NCVO's business plan for leadership centre was 'simplistic'

Freedom of Information Act documents reveal more about closure of sector's centre of excellence for management training

The NCVO's business plan for the Third Sector Leadership Centre was strongly criticised in a briefing paper to the Capacitybuilders committee that decided in January not to extend its funding.

The paper, released after a request by Third Sector made under the Freedom of Information Act, says the business plan had "a strong focus on generating income, with clear targets", but was "rather simplistic and poorly drafted".

The centre, led by umbrella group the NCVO with chief executives body Acevo as a partner, closed last month when Capacitybuilders, the sector infrastructure development quango, refused to add to the £750,000 of funding it had given so far.

A dispute between the NCVO and Acevo over the level of consultation hampered the bid (17 March, page 1), but the briefing paper to Capacitybuilders' funding policy and programmes committee also reveals deeper concerns.

It says the business plan did not focus on the Capacitybuilders priority of "supporting the supporters". Its market analysis was weak, its revenue proposals "quite ambitious", its plans for sustainability were open to question and support from partners was not demonstrated, the paper says.

The briefing says the plan relied too heavily on consultant Chris Bonnard's review of the centre, which had been only partially accepted by the Capacitybuilders board.

Ben Kernighan, deputy chief executive of the NCVO, said: "It was a high-quality plan with clear objectives and was realistic about what it was trying to do."

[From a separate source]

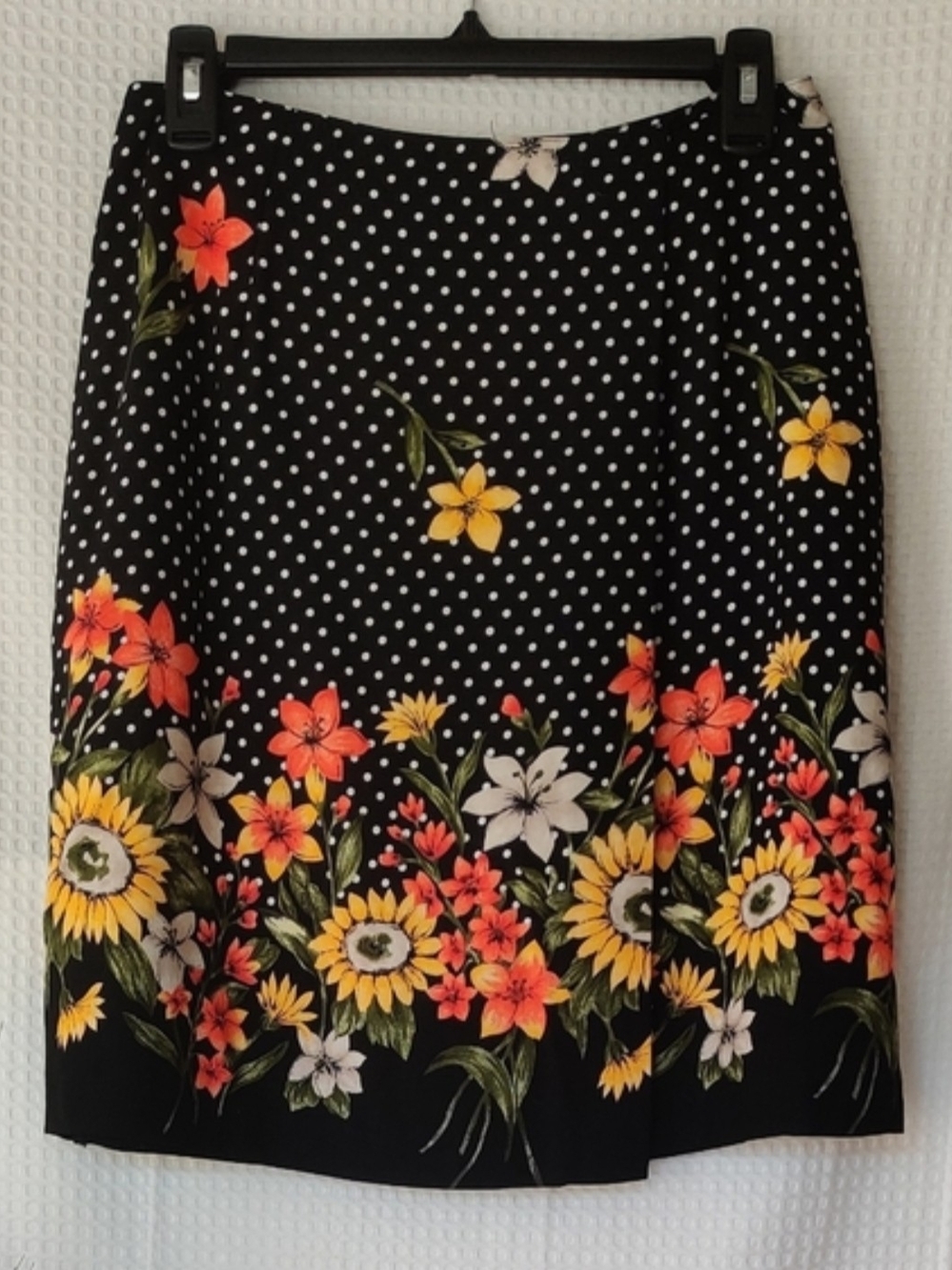Kathy Lee Orange & Yellow Floral Blooms, Black Polka Dots Skirt Size 8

Peter Kyle, deputy chief executive of Acevo, which accused the NCVO of failing to engage in any detailed discussion about the business plan, said the paper vindicated his organisation's concerns about the bid.

"These documents show that the points we were trying to bring to the NCVO's attention were the right ones," he said.

The NCVO's plan had requested a further £250,000 for the centre, which opened in 2006 to improve voluntary sector leadership and employed three staff. It was based at Henley Management College in Oxfordshire.